GOAL OF THE EXERCISE: Transcribe the entries below exactly; leave every image out.
+--
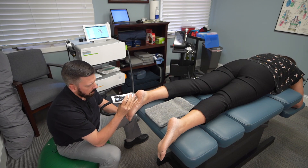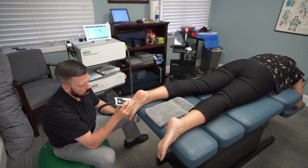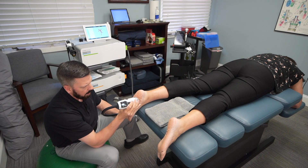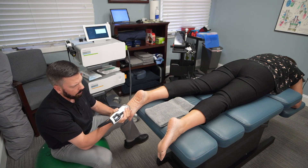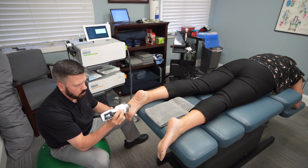Depending on how acute or chronic the condition is, a lot of times people who suffer chronically are in so much pain and discomfort day-to-day that when we do the treatment it's not uncomfortable at all and they actually feel quite a bit of relief right through that area. This is the focus shockwave treatment we're using on her plantar fascia.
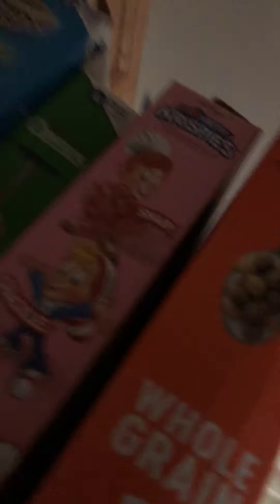Look, I'm going to show you guys. See this? In case you think I'm — what's it called — about this, I'll show you the cereal box. Right here.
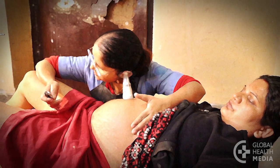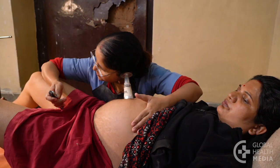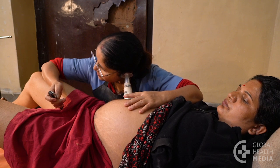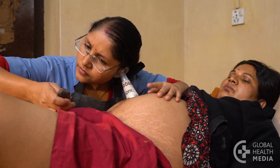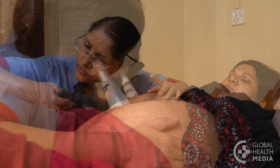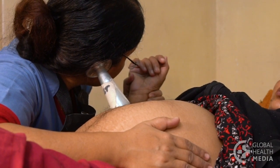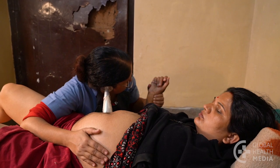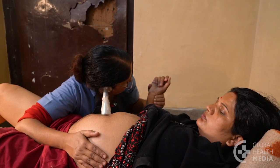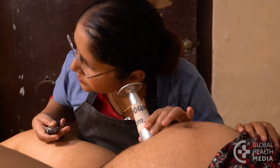How to decide whether the heart rate is normal. The baby's heartbeat is about twice as fast as an adult's heartbeat. If the heartbeat seems very slow, feel the woman's pulse in her wrist while you listen. If the woman's pulse and the heartbeat you hear are the same, you are hearing the woman's heartbeat by mistake. Try another area of her abdomen.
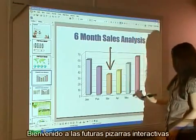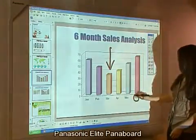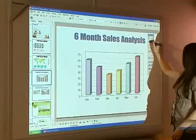Welcome to the future of interactive whiteboards: Panasonic's Elite Panaboard. These boards enable you to deliver rich lessons and presentations full of photos, graphs, maps, and video.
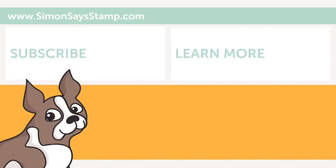Thanks so much for stopping by and spending some time with me today. I'll be back next week with another video to share, and until then, thanks for watching!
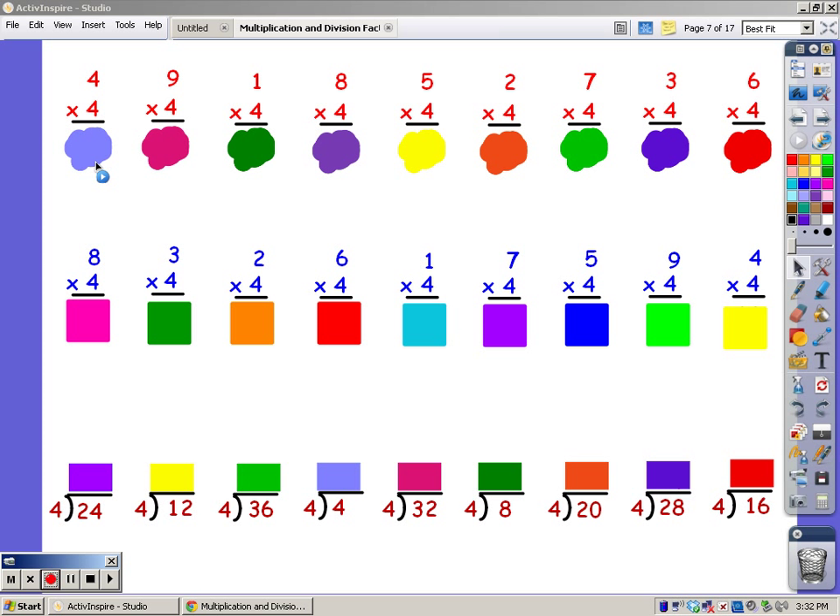Four, eight, twelve, sixteen. I'm going to sing it for nine fingers: four, eight, twelve, sixteen, twenty, twenty-four, twenty-eight, thirty-two, and thirty-six. I'm going to sing it for one finger: four.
+--
TASK ANSWER:
Depending on how acute or chronic the condition is, a lot of times people who suffer chronically are in so much pain and discomfort day-to-day that when we do the treatment it's not uncomfortable at all and they actually feel quite a bit of relief right through that area. This is the focus shockwave treatment we're using on her plantar fascia.
Look, I'm going to show you guys. See this? In case you think I'm — what's it called — about this, I'll show you the cereal box. Right here.
How to decide whether the heart rate is normal. The baby's heartbeat is about twice as fast as an adult's heartbeat. If the heartbeat seems very slow, feel the woman's pulse in her wrist while you listen. If the woman's pulse and the heartbeat you hear are the same, you are hearing the woman's heartbeat by mistake. Try another area of her abdomen.
Welcome to the future of interactive whiteboards: Panasonic's Elite Panaboard. These boards enable you to deliver rich lessons and presentations full of photos, graphs, maps, and video.
Thanks so much for stopping by and spending some time with me today. I'll be back next week with another video to share, and until then, thanks for watching!
Four, eight, twelve, sixteen. I'm going to sing it for nine fingers: four, eight, twelve, sixteen, twenty, twenty-four, twenty-eight, thirty-two, and thirty-six. I'm going to sing it for one finger: four.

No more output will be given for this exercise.